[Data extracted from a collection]
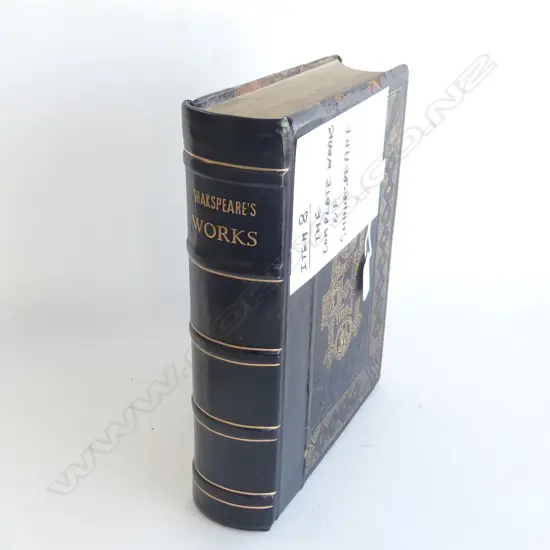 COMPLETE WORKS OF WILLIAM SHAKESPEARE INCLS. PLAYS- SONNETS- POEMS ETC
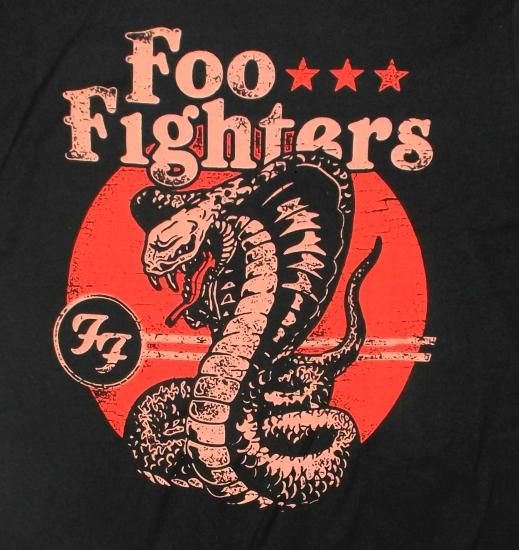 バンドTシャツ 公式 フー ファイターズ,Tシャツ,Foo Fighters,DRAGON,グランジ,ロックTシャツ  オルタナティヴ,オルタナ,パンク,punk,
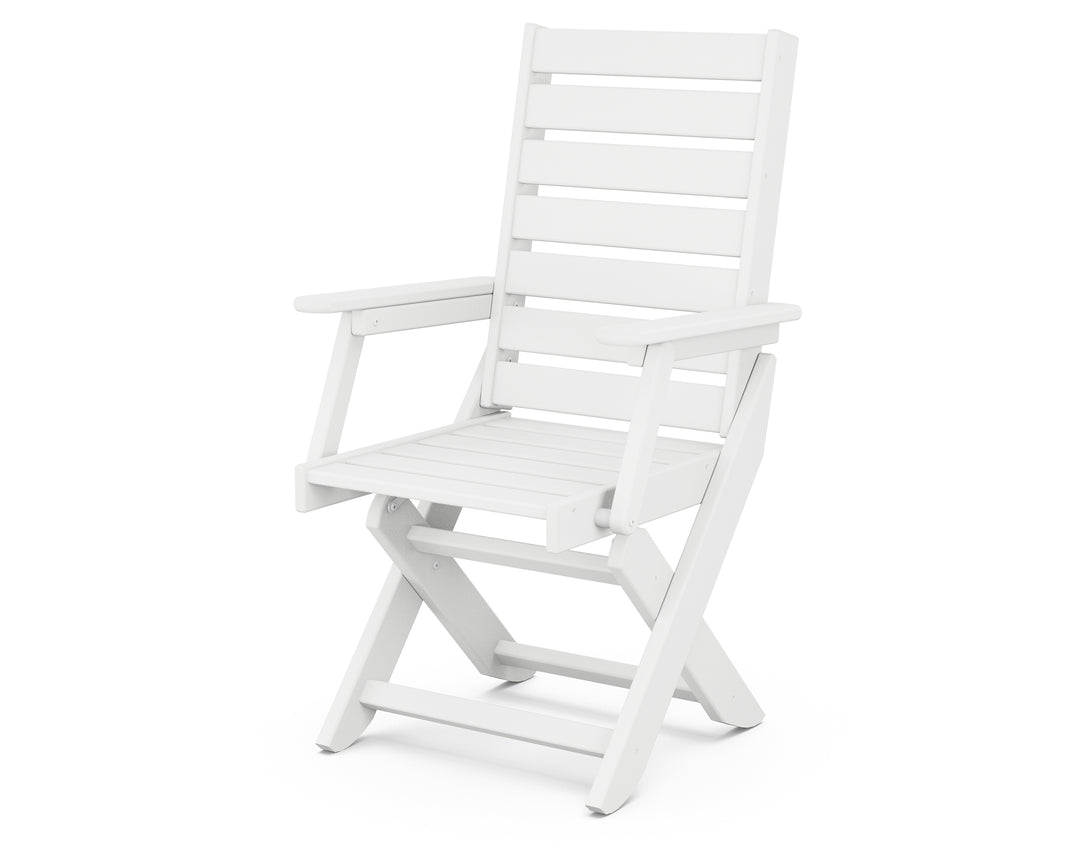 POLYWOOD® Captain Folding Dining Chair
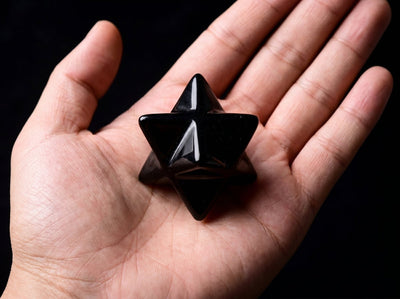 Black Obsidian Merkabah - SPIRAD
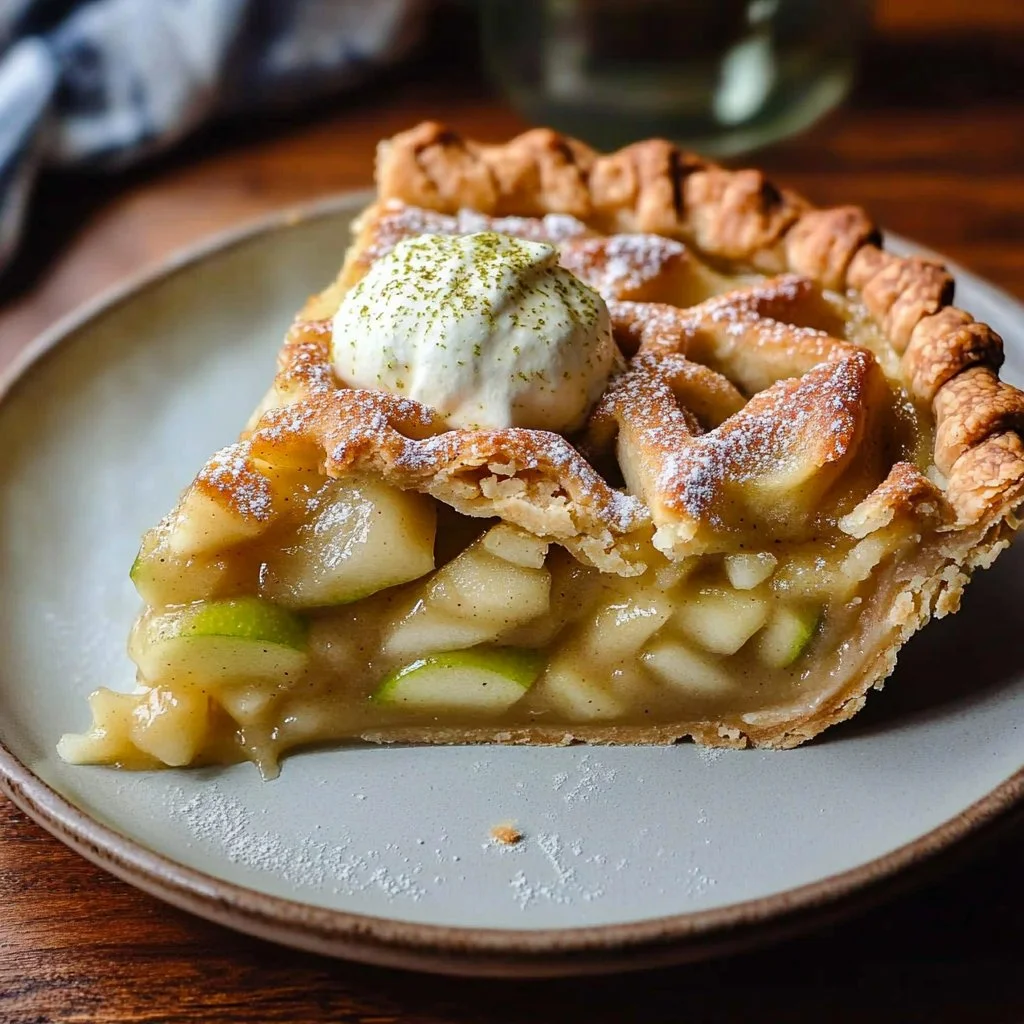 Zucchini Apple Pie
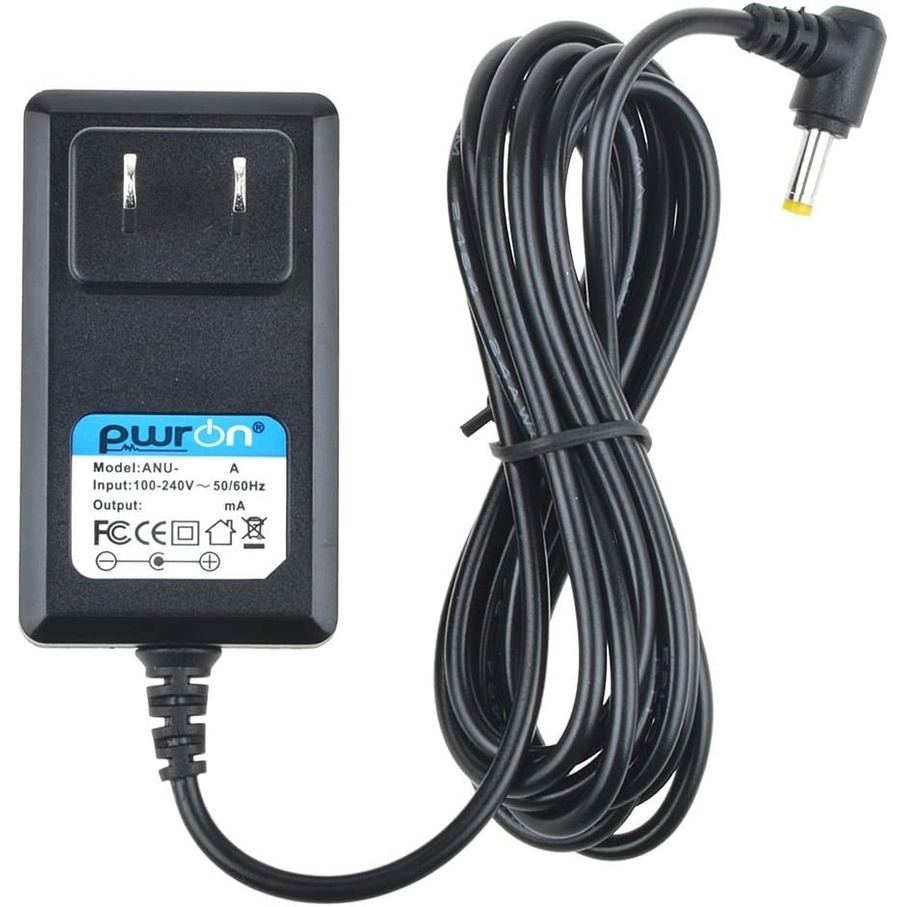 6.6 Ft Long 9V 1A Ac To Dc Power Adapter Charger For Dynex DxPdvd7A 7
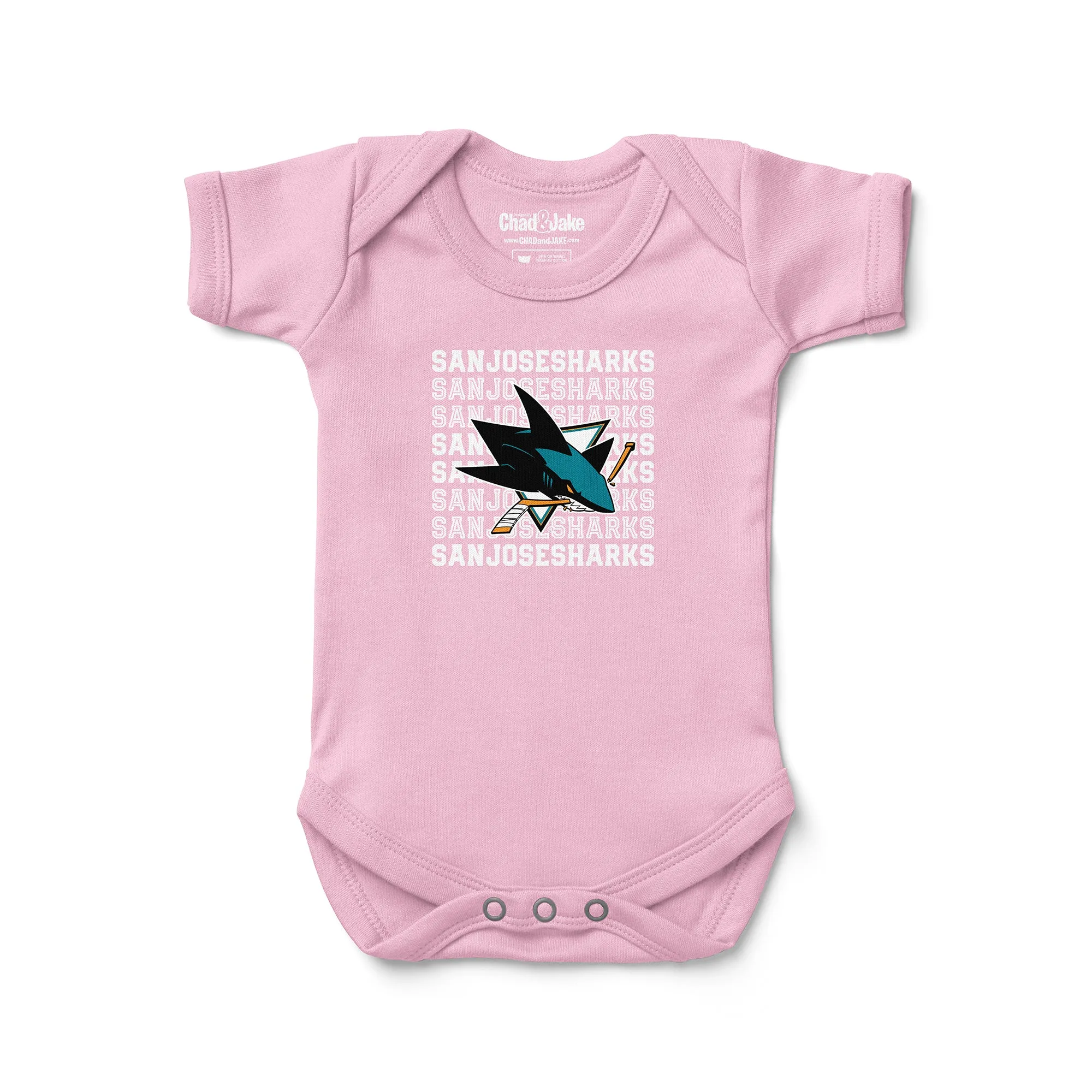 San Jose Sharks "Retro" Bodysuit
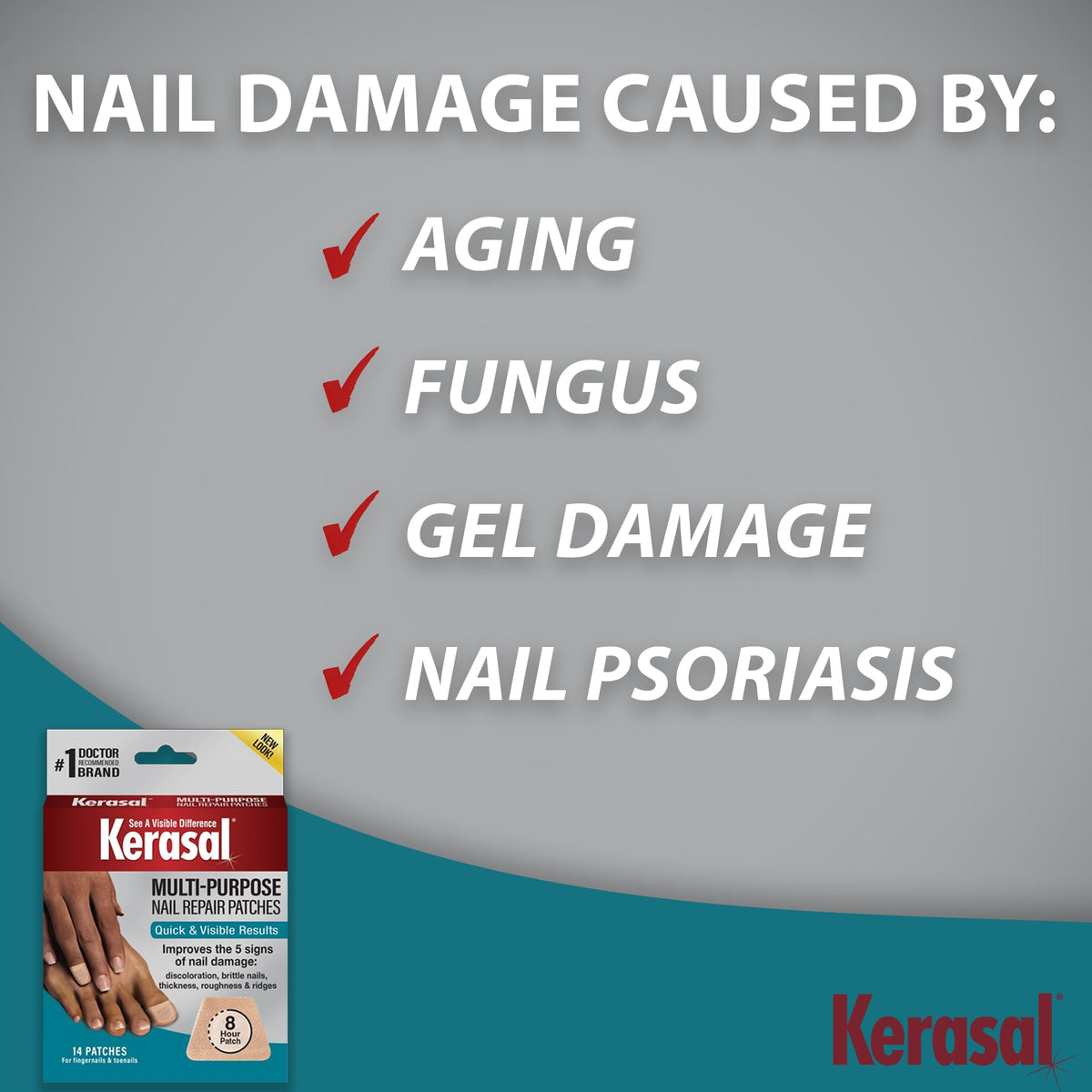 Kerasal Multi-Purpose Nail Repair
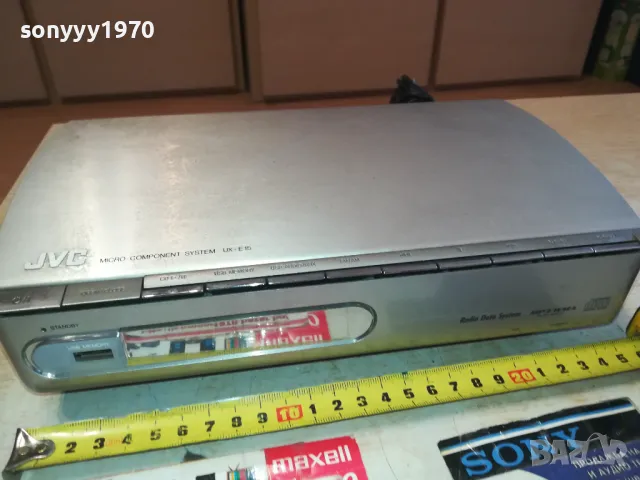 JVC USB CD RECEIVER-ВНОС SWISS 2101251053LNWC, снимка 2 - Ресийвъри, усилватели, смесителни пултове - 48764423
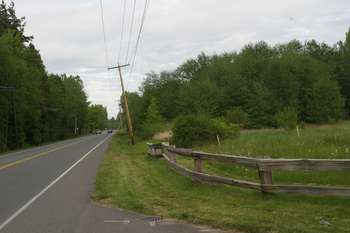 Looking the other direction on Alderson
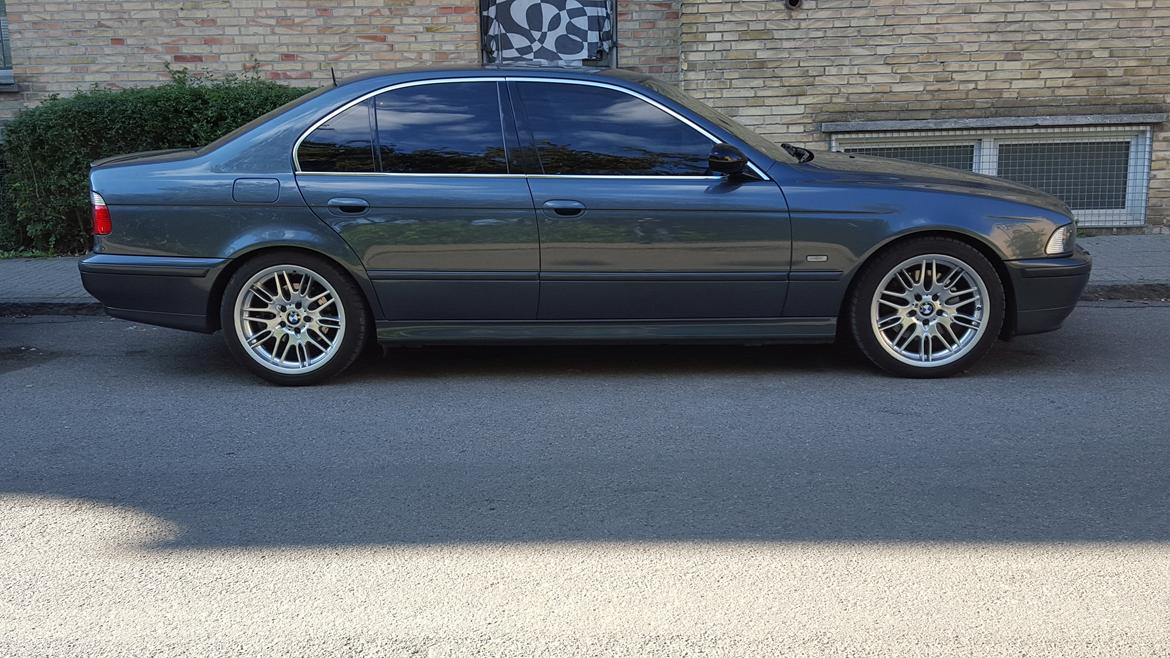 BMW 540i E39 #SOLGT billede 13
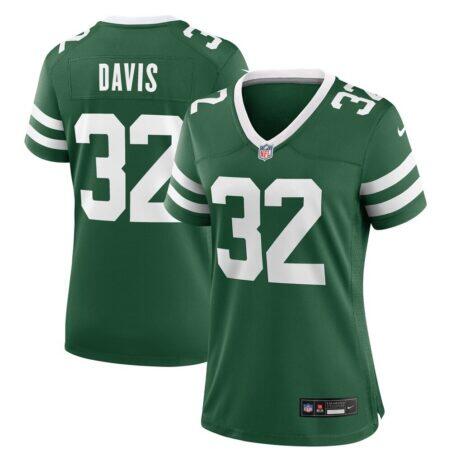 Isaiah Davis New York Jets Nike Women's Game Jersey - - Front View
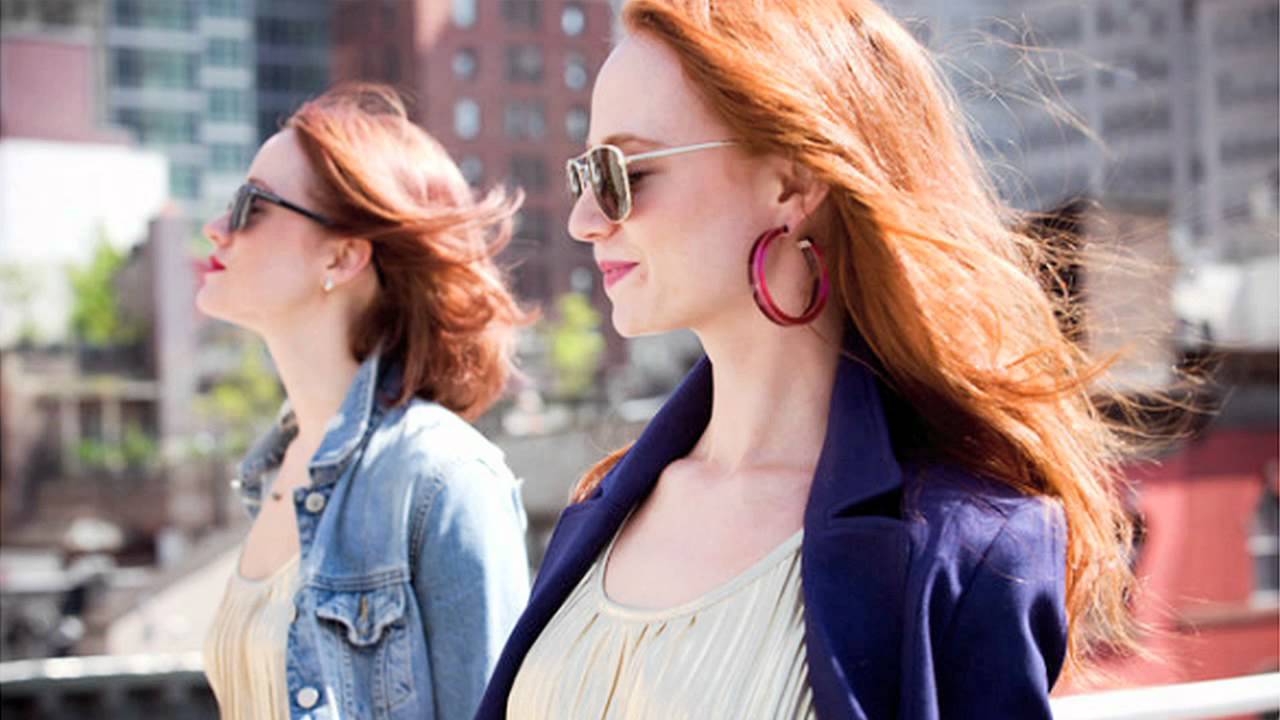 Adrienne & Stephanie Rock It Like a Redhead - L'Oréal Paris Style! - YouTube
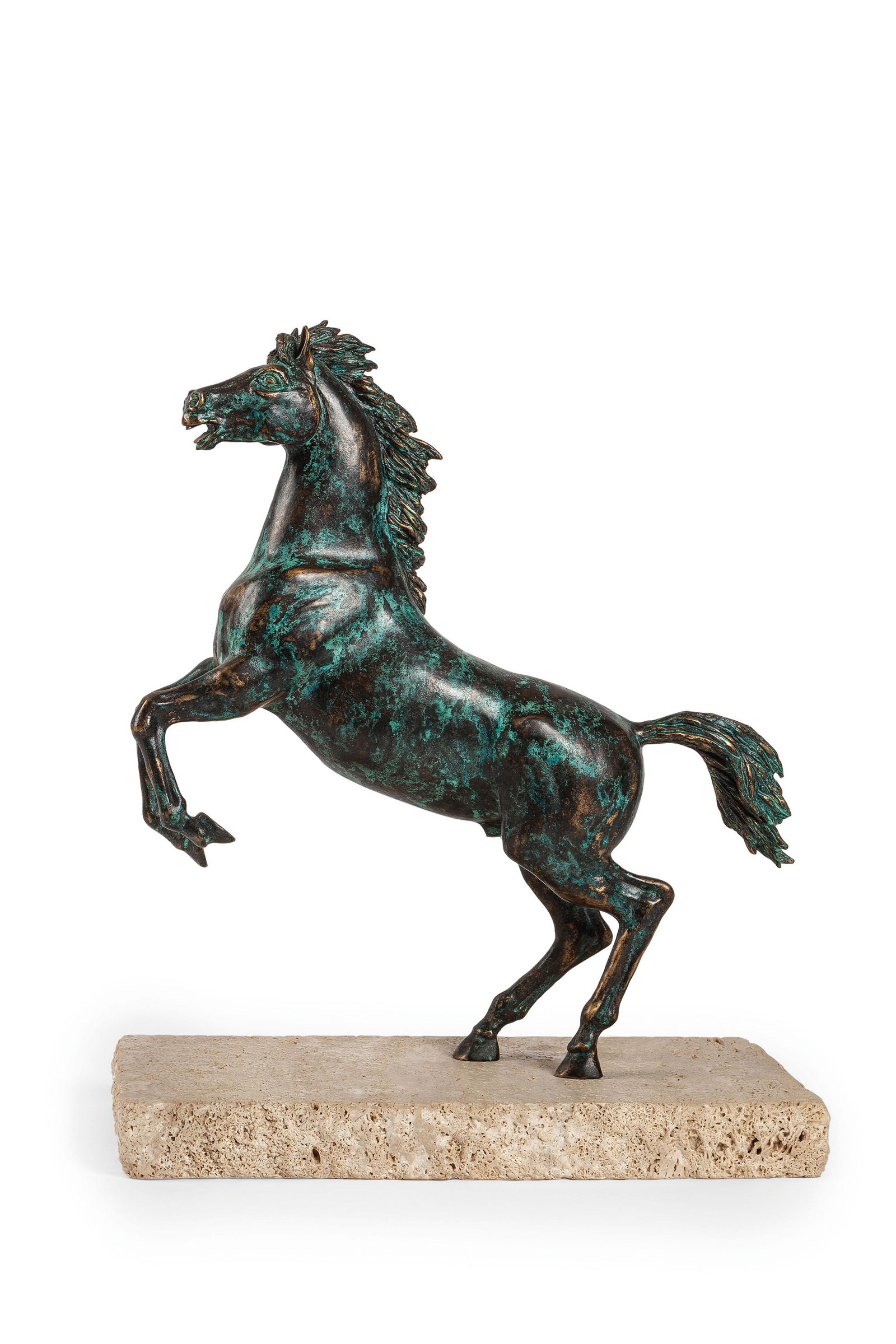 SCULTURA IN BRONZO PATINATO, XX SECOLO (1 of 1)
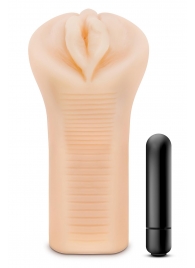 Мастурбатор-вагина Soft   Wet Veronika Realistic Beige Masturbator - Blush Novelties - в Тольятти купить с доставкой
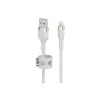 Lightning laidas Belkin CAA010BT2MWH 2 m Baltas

• **Assignment**
Final task for the records above: print exactly the lines from the one that contains "POLYWOOD® Captain Folding Dining Chair" through the last line, both ends included, pictures excluded.

• **Exercise result**
 POLYWOOD® Captain Folding Dining Chair
 Black Obsidian Merkabah - SPIRAD
 Zucchini Apple Pie
 6.6 Ft Long 9V 1A Ac To Dc Power Adapter Charger For Dynex DxPdvd7A 7
 San Jose Sharks "Retro" Bodysuit
 Kerasal Multi-Purpose Nail Repair
 JVC USB CD RECEIVER-ВНОС SWISS 2101251053LNWC, снимка 2 - Ресийвъри, усилватели, смесителни пултове - 48764423
 Looking the other direction on Alderson
 BMW 540i E39 #SOLGT billede 13
 Isaiah Davis New York Jets Nike Women's Game Jersey - - Front View
 Adrienne & Stephanie Rock It Like a Redhead - L'Oréal Paris Style! - YouTube
 SCULTURA IN BRONZO PATINATO, XX SECOLO (1 of 1)
 Мастурбатор-вагина Soft   Wet Veronika Realistic Beige Masturbator - Blush Novelties - в Тольятти купить с доставкой
 Lightning laidas Belkin CAA010BT2MWH 2 m Baltas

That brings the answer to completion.